Over the past few years, Resonance Records has established itself as a home for such notable rediscoveries as Freddie Hubbard's "Pinnacle" and Wes Montgomery's "Echoes of Indiana Avenue." Now two titans of jazz piano are captured on the new CD -- "Tommy Flanagan/Jaki Byard: The Magic of 2" -- a previously unreleased 1982 concert recorded at San Francisco's celebrated Keystone Korner. "It's a revelation, how well they played together," says Keystone's owner, Todd Barkan. "They had quite disparate styles, but they share such an incredibly large vocabulary and frame of reference that it makes their language coherent." Jazz historian Dan Morgenstern says the music is a "gift from the past that is both unique and stupendous. Alone and especially together, Tommy and Jaki show us what spontaneous creation is all about."
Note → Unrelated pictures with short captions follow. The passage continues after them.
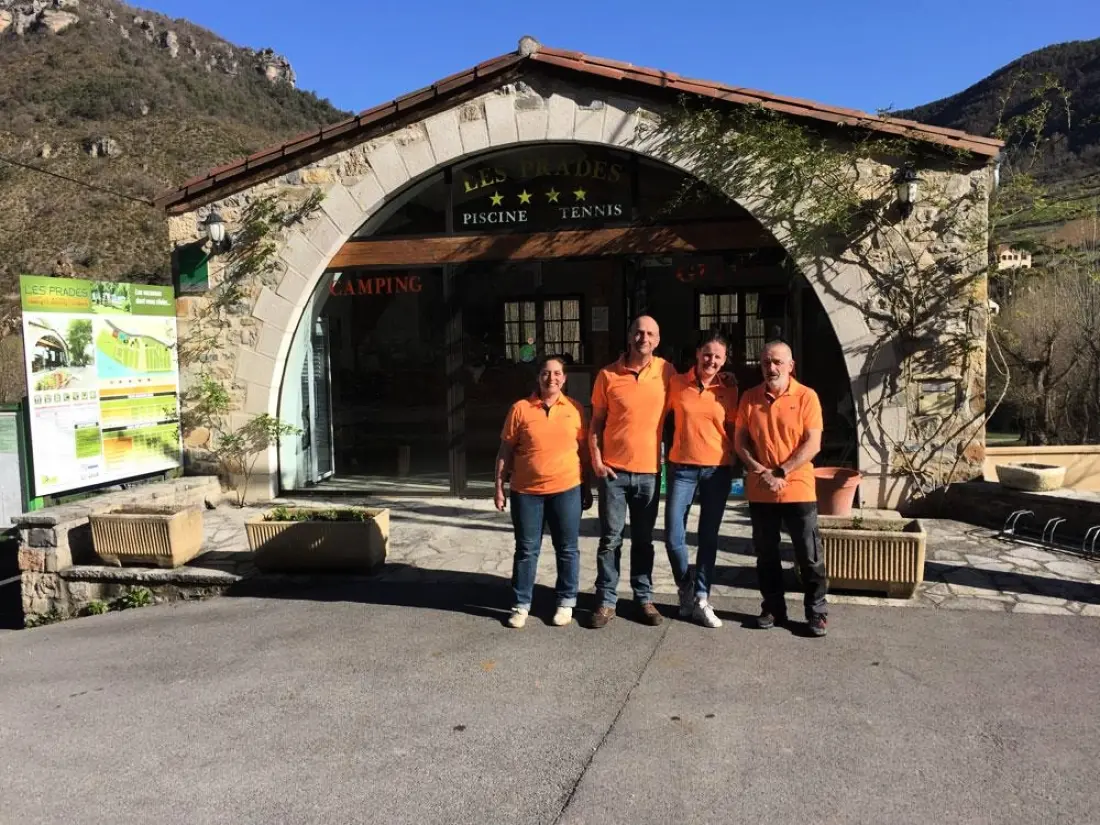 Camping LES PRADES 4 étoiles★★★★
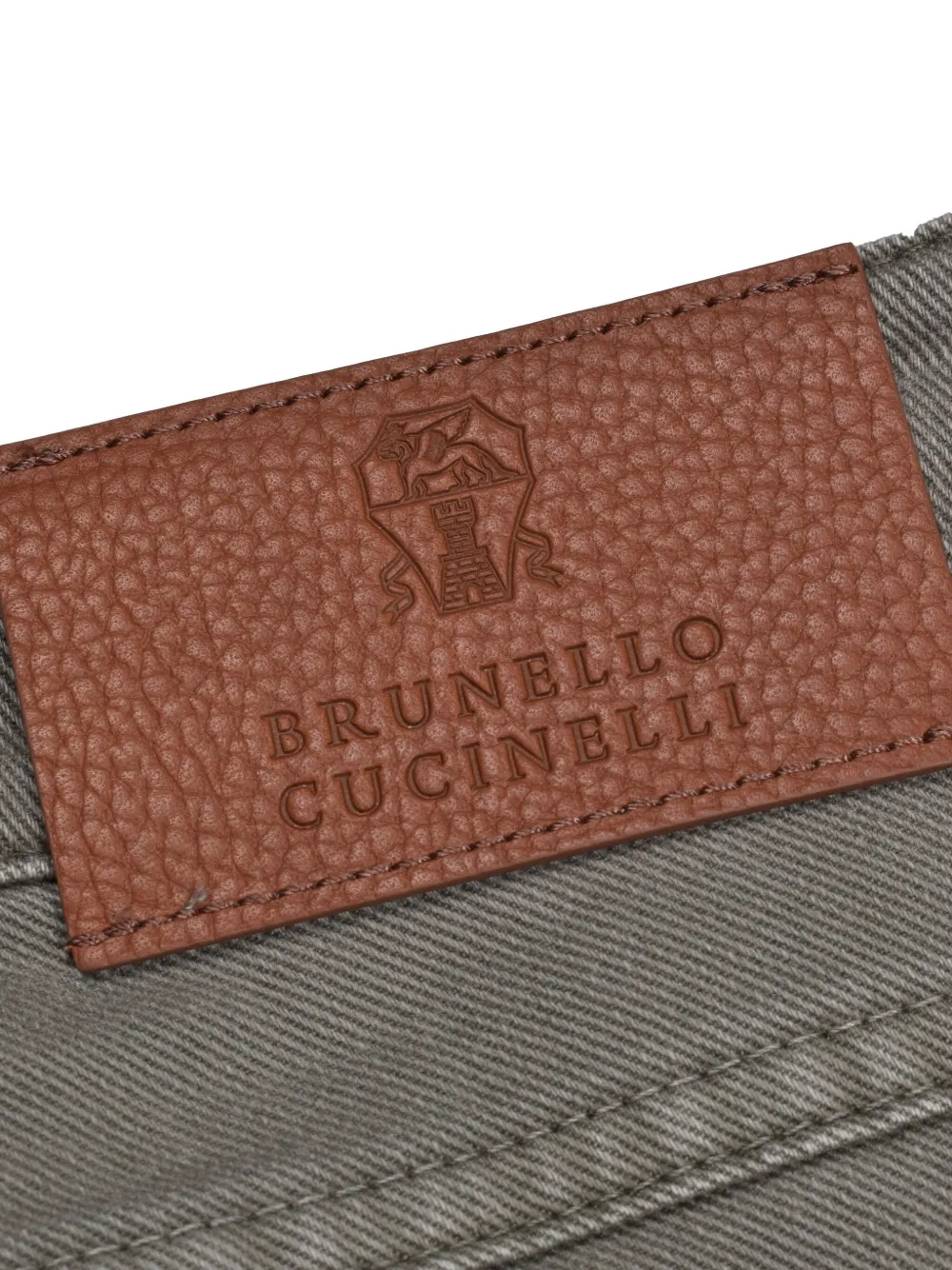 Brunello Cucinelli Jeans met geborduurd logo en leren patch Groen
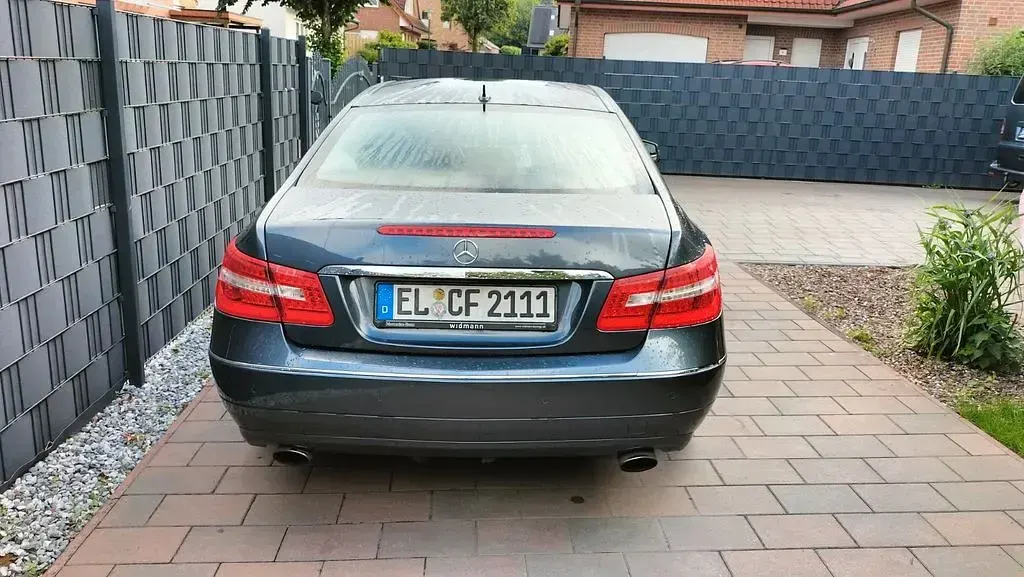 Gebraucht Mercedes E350 265 PS (194 kW) 2010 Grau Coupé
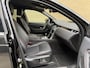 Land Rover Discovery Sport 1.5 P300e R-Dynamic S | Meridian | Navigatie | Cruise control | Lane assist | Camera | Lederen bekleding | Stoelverwarming | Elektrisch verstelbare stoelen | Apple CarPlay / Android Auto | DAB | LED | 20 inch velgen | Elektrische achterklep | Dealeronderhouden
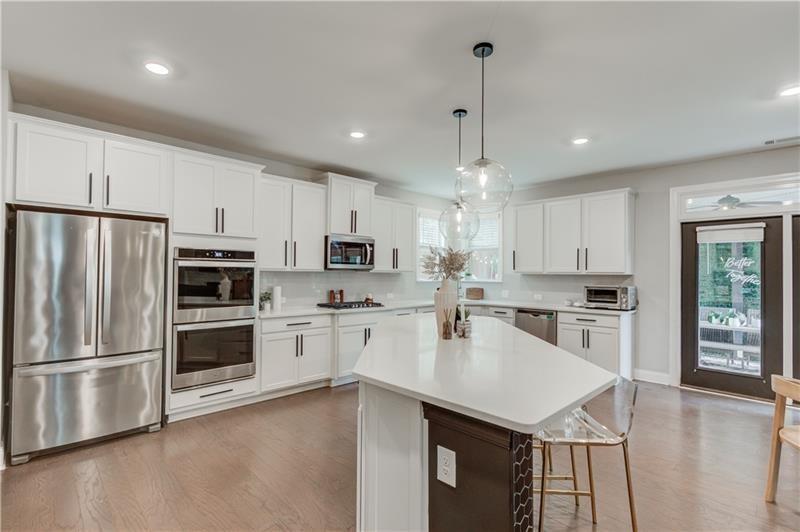 Canton, Georgia, 30115, United States, 5 Bedrooms Bedrooms, ,4 BathroomsBathrooms,Residential,For Sale,2032781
Chicago drummer Jack Mouse has spent decades performing with some of the greatest names in jazz, including Stan Kenton, James Moody, Billy Taylor, Bill Evans, Frank Wess, Clark Terry, and many others. Now he's finally gathered together a quintet of some of his longtime collaborators to put together "Range of Motion" -- an intriguing set of ten original compositions. With Art Davis on trumpet, Scott Robinson on woodwinds, guitarist John McLean, and two titan bassists splitting duties, Bob Bowman and Kelly Sill, Mouse's well-seasoned group aesthetic receives a long-overdue recording debut.

Monday, April 22, 2013

Soulful Morrison; Keberle's Catharsis - Bob Stewart

Anybody who has ever heard vocalist Barbara Morrison command a stage knows that she possesses an effervescent singing style that drips with soul and a ribald sense of humor. The Ypsilanti-born singer spent her early career working with blues legend Eddie 'Cleanhead' Vinson, who gave the young singer a secure grounding in the blues. She has performed at the Montreux, Monterey, Long Beach and North Sea Jazz Festivals, Carnegie Hall, and probably every Southern California jazz venue of the last 40 years. She's also been heard with Ray Charles, Dizzy Gillespie, Kenny Burrell, Jimmy Smith, and the Count Basie Orchestra, to name a few. For her new CD -- "A Sunday Kind of Love," -- Morrison is joined by that most soulful of tenor players, Houston Person, on a program of standards and bluesy classics.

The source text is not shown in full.